First Step Housing is the brainchild of Rosanne Haggerty, the executive director of Common Ground. Haggerty was traveling and not available for an interview with City Limits. But in the April issue of Metropolis magazine, she explained the reasoning behind the purchase of the Andrews: “Social scientist Christopher Jencks zoned in on the loss of cubicle hotels as a specific cause of the rise of single-adult homelessness. Why don’t these places exist anymore? For years I’d get close to the question and then recoil because these buildings were so squalid. The quality housing advocate in me couldn’t comprehend how one could responsibly advocate their resurgence.”
The answer? Not-for-profit management could transform the Bowery lodging house, just as it has the single room occupancy hotels that Common Ground and many other organizations now run. “Then it clicked. It’s more of a failure of imagination on our part than anything embedded in the model.”
“What we’re trying to do with the Andrews is update and enhance the ‘lodging house’ style of housing,” explains Dave Beer, head of housing development for Common Ground. “We think it serves a need for service-resistant men who aren’t going to go into the shelter system and don’t have any good options as far as accessing permanent housing.” Larry Schatt, Common Ground’s Chief Operating Officer, hopes to coax people into “a decent place, where, if you have a couple of bucks in your pocket, you can rest, get a shower, and maybe make a decision to get off the streets.”
To realize its vision, Common Ground is going to refit the Andrews from the basement up, with an elevator, a new boiler, complete rewiring and a makeover of the grimy façade, adding three floors to the six-story building in the process. A potent brew of public and private financing will cover the $5.1 million renovation, including loans from the Industrial Bank of Japan, Greenpoint Bank, and Deutsche Bank, along with HUD supportive housing grants. Funding from DHS and the New York State Homeless Housing Assistance Program will cover operating expenses; the state Department of Mental Health may also eventually join in.
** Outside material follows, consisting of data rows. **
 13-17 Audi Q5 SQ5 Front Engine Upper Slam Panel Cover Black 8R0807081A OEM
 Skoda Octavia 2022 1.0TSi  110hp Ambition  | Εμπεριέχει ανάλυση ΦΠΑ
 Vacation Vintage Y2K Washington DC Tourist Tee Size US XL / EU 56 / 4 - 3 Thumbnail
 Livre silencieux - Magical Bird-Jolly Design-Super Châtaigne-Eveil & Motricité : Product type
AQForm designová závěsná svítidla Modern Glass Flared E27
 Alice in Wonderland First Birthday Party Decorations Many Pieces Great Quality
But construction is just one part of what promises to be a long and difficult process. In addition to the complexity of gutting and rehabbing a hundred-year-old building occupied by 87 elderly men, Common Ground may need all of its professional expertise in overcoming what, in New York City, can be an insurmountable obstacle for landlords: the rent-stabilized tenant.
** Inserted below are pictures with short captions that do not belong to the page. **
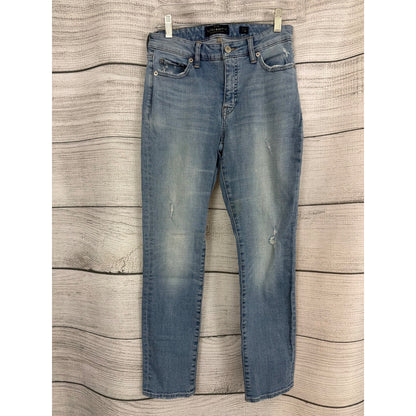 Lucky Brand Hayden Skinny Jeans Size 2/26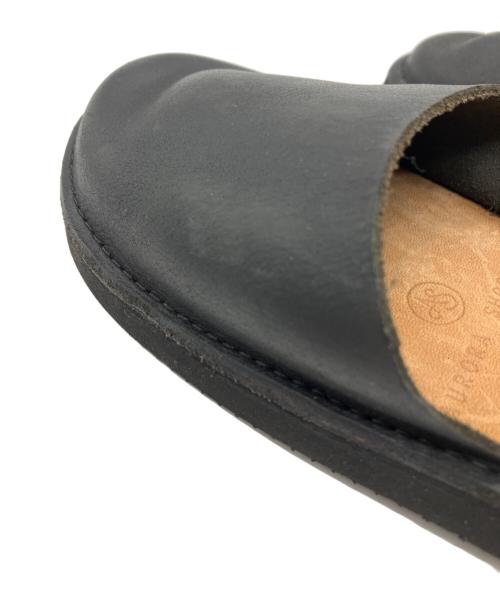 AURORA SHOES（オーロラシューズ）AURORA SHOES (オーロラシューズ) サンダル ブラック サイズ:表記無しの古着・服飾アイテム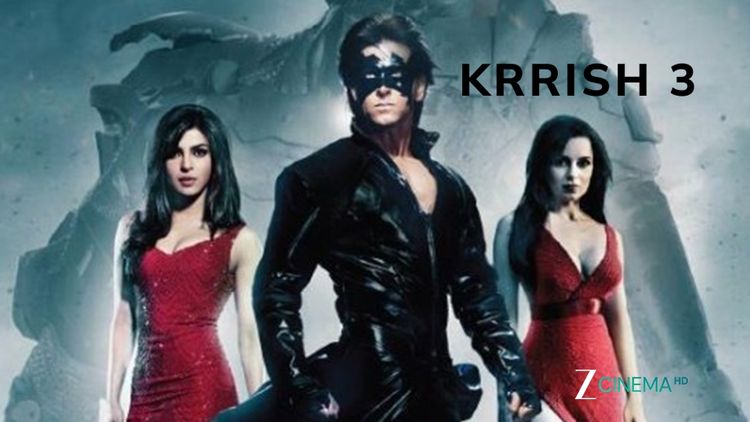 Krrish 3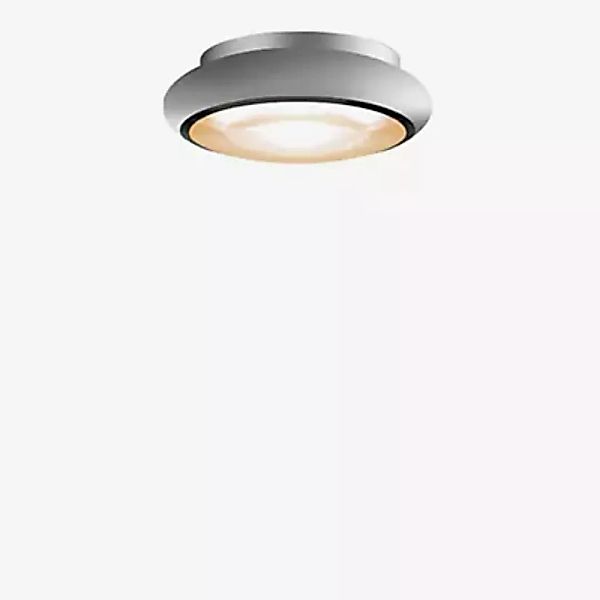 Bruck Blop Fix Deckenleuchte LED, chrom matt - 30° - Ra 97 günstig online kaufen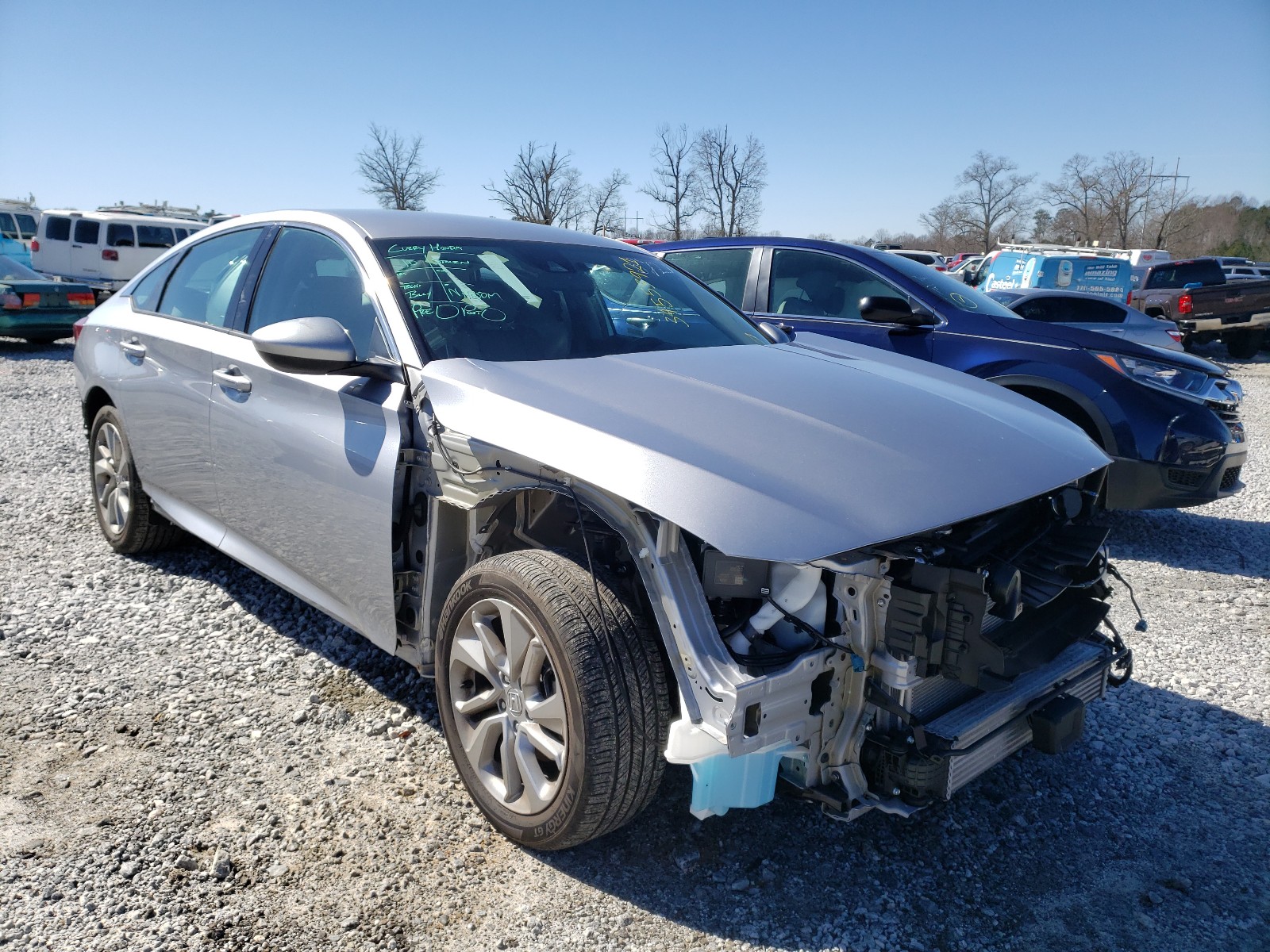 Honda Accord lx (2020)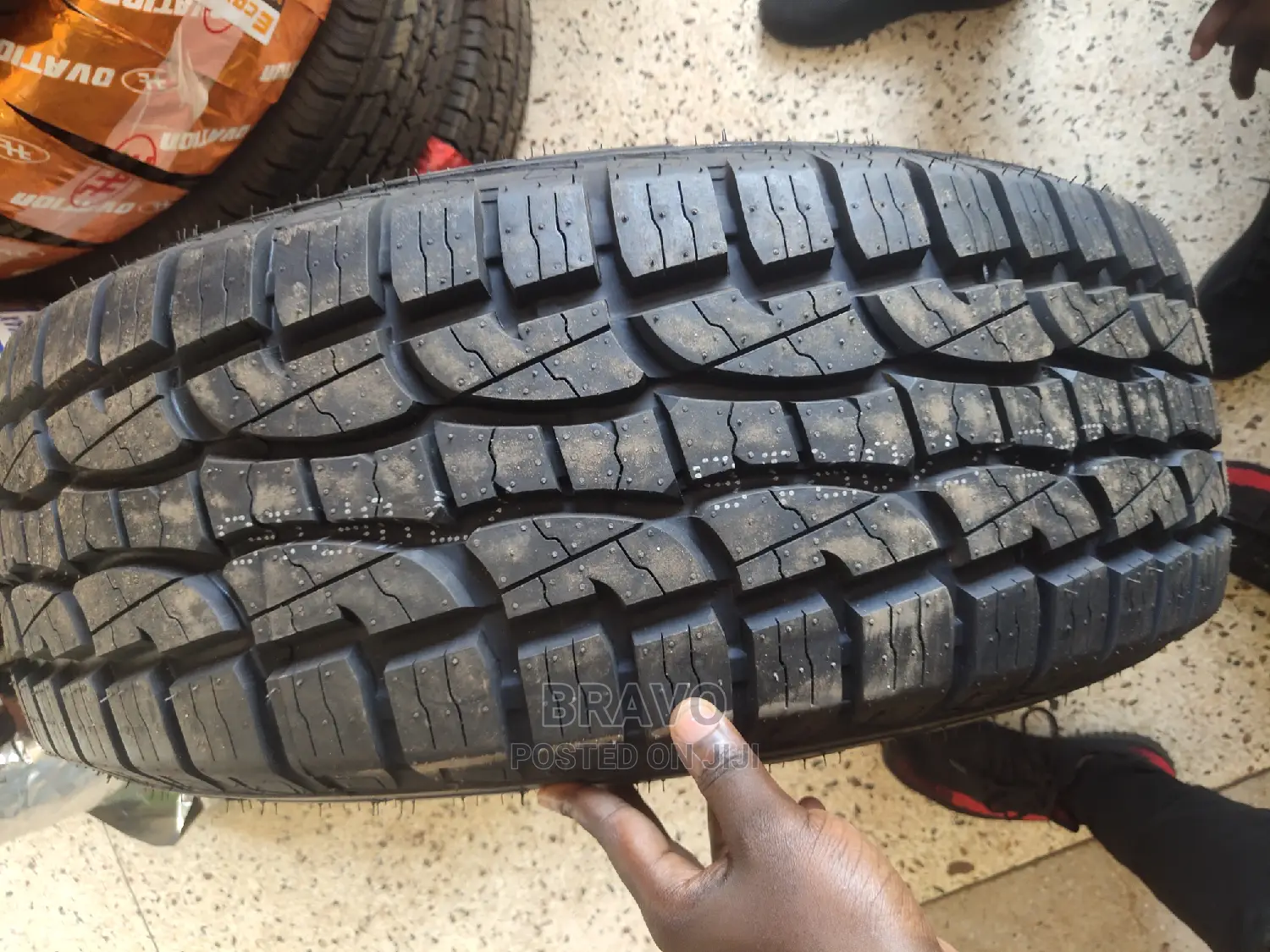 265/70r16 Crosswind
Pete Lambert, a 10-year resident of the hotel, is a little sick of how the press portrays Bowery residents. “I don’t want people to get a screwed-up idea that everybody down here is half-retarded,” he says. Since Common Ground acquired the building in February, Lambert, a slender, bespectacled man in his early sixties who works part-time for an architect, has been keeping a close eye on proceedings. Lambert is among the roughly 20 men who have been meeting every two to three weeks at the Holy Name Center for Homeless Men, on Bleecker Street, with lawyers from Mobilization for Youth’s East Side SRO Law Project. Recently christened the Andrews Hotel Tenants’ Association, they plan on being actively involved in the Andrews’ transformation.
It was Lambert who contacted MFY when Common Ground began construction at his hotel without a Certificate of No Harassment, a document every developer rebuilding an SRO must obtain to ensure they treat tenants fairly in the process. (Within a matter of days, Common Ground obtained a waiver from HPD; Beer admits that Common Ground “jumped the gun.”) He has a clear grasp of his rights regarding any efforts to relocate him and the other tenants even within the Andrews during the upcoming renovation. Notes Lambert, “They cannot make us move.”
“When you’re talking of the Andrews,” reflects Father John Ahearn, who recently retired as director of the Holy Name Center, “you’re talking of people who have lived lodging house lives for 40 years.” Father Ahearn has been working with the men of the Bowery for three decades, and he has been dealing with the Andrews since 1981. Until five years ago, he ran one of the best private short-term shelters in the city in the main auditorium of Holy Name, with the help of the greatly beloved Sister Virginia Vayda. He describes two constants in Bowery life that have drawn men to it: “A market for cheap labor and a degree of anonymity that you control.”
When it came to safety and stability, the Andrews has always been considered to be in the top tier of Bowery flops. This was due in large part to the management of Mike Gatto. Whatever people thought of Mike as a person (assessments range from “gruff” to “He hated our guts”), it’s generally acknowledged that he ran a tight ship by lodging-house standards. Drug use, besides alcohol, never went beyond a little discreet pot on the roof. Violence was kept to a minimum, even during the crack epidemic of the late 1980s, when other hotels became increasingly dangerous. His ledger accounts were accurate and, as new Andrews director Shari Siegel discovered when she converted them to Common Ground’s computerized system, up to date.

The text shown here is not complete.